_EXERCISE_
When you repeat the entries, reproduce each line exactly and omit every picture.

Dataset entries:

________________________

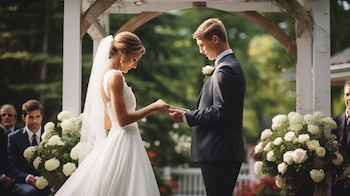 Boda
Matrimonio
Pareja heterosexual
Tradición
Amor
Ceremonia
Compromiso eterno
Una pareja heterosexual se casa en una emotiva boda tradicional llena de amor. - (Imagen ilustrativa Infobae)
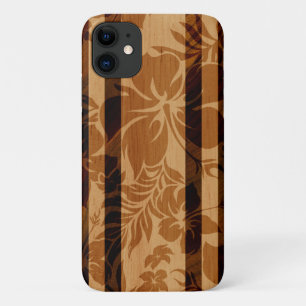 Keokea Beach Hibiscus Faux hout surfplank iPhone 11 Hoesje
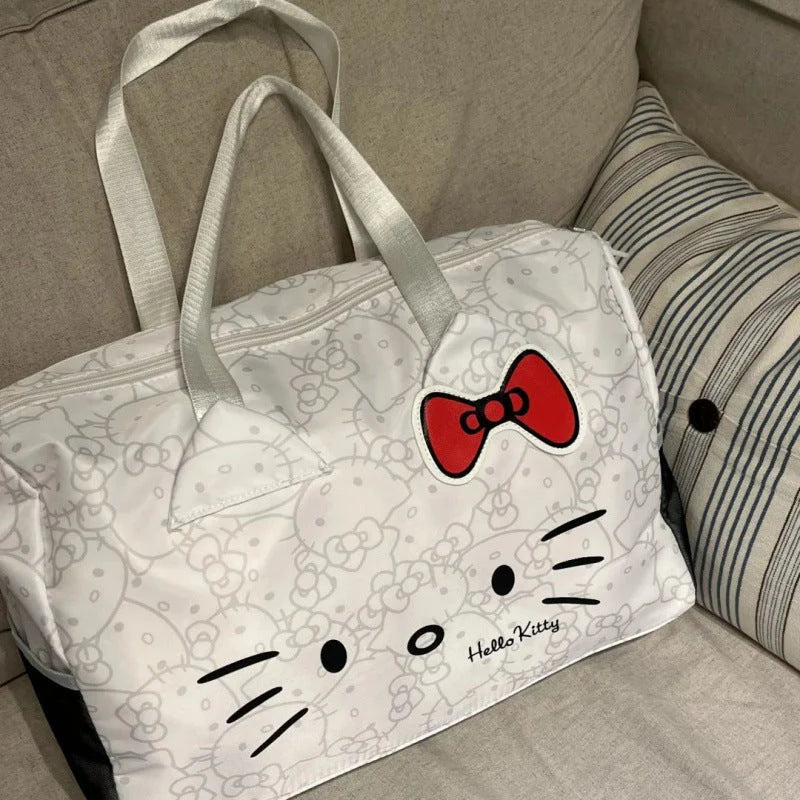 Hello Kitty Large Travel Duffle Bag with Trolley Sleeve | Cute Kawaii Weekend Bag, Gym Bag, Overnight Luggage for Girls & Women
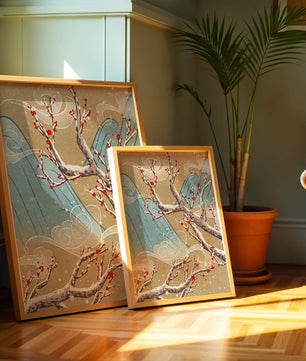 Traditional Japanese landscape with blooming cherry branches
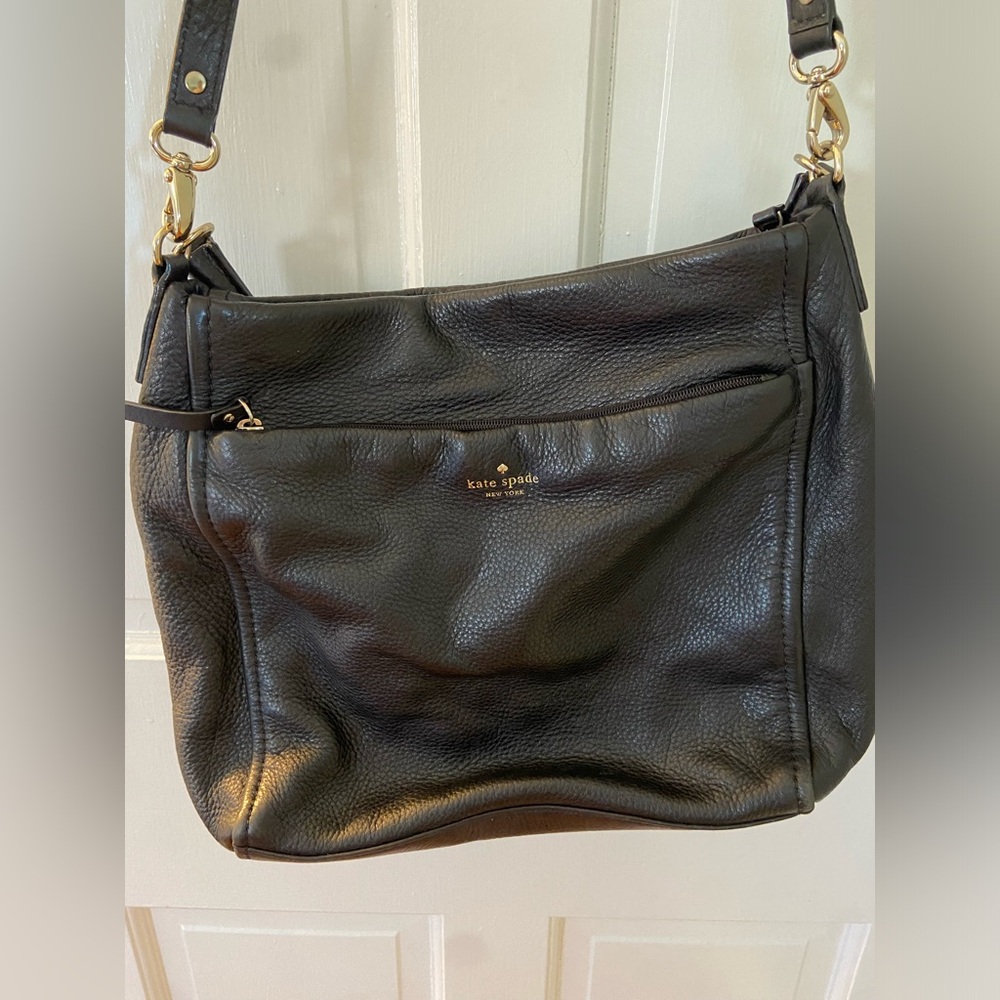 Kate Spade Black Pebbled Leather Hobo Crossbody EUC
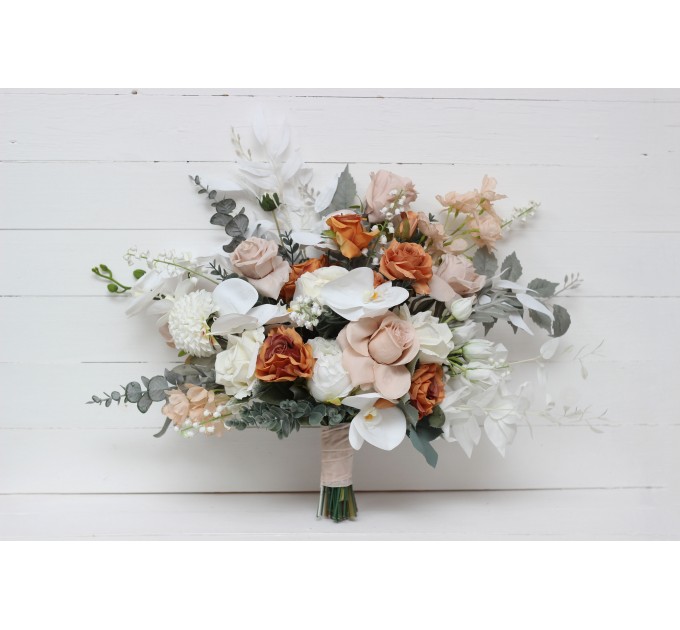 Orchid Boho Bridal Bouquet with Beige, White & Rust Flowers | Faux Fall Wedding Bouquets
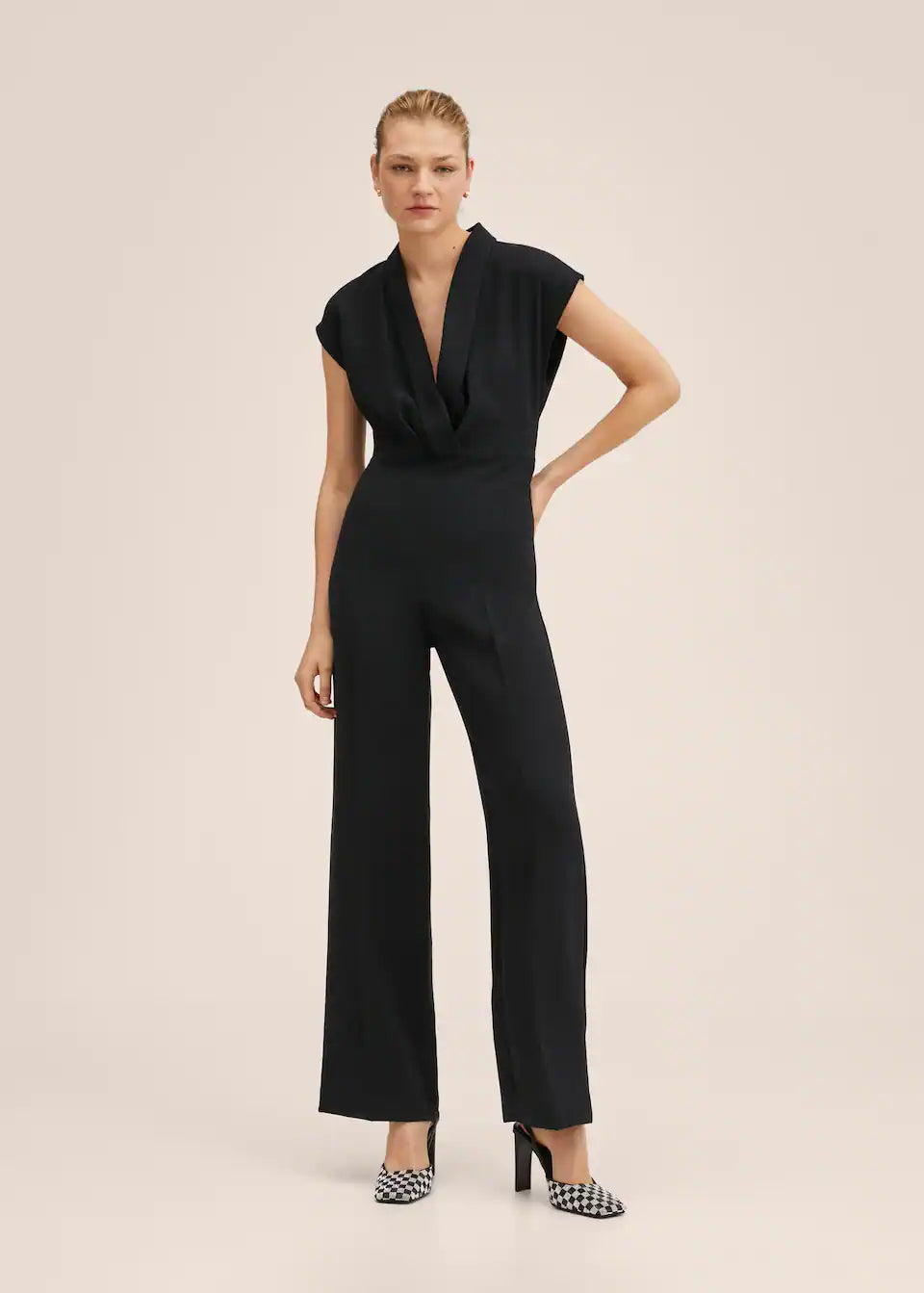 MANGO Wrap neckline jumpsuit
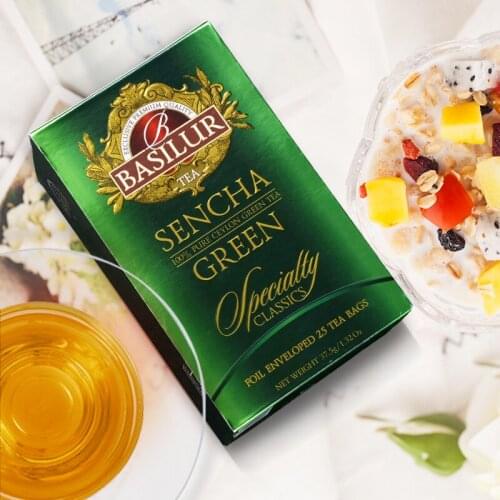 Free shipping Basilur Bao Ceylon Japanese Sencha 25-tablet Teabag Japanese Sencha Imported Green Tea Teabag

________________________

_PROBLEM SOLUTION_
 Boda
Matrimonio
Pareja heterosexual
Tradición
Amor
Ceremonia
Compromiso eterno
Una pareja heterosexual se casa en una emotiva boda tradicional llena de amor. - (Imagen ilustrativa Infobae)
 Keokea Beach Hibiscus Faux hout surfplank iPhone 11 Hoesje
 Hello Kitty Large Travel Duffle Bag with Trolley Sleeve | Cute Kawaii Weekend Bag, Gym Bag, Overnight Luggage for Girls & Women
 Traditional Japanese landscape with blooming cherry branches
 Kate Spade Black Pebbled Leather Hobo Crossbody EUC
 Orchid Boho Bridal Bouquet with Beige, White & Rust Flowers | Faux Fall Wedding Bouquets
 MANGO Wrap neckline jumpsuit
 Free shipping Basilur Bao Ceylon Japanese Sencha 25-tablet Teabag Japanese Sencha Imported Green Tea Teabag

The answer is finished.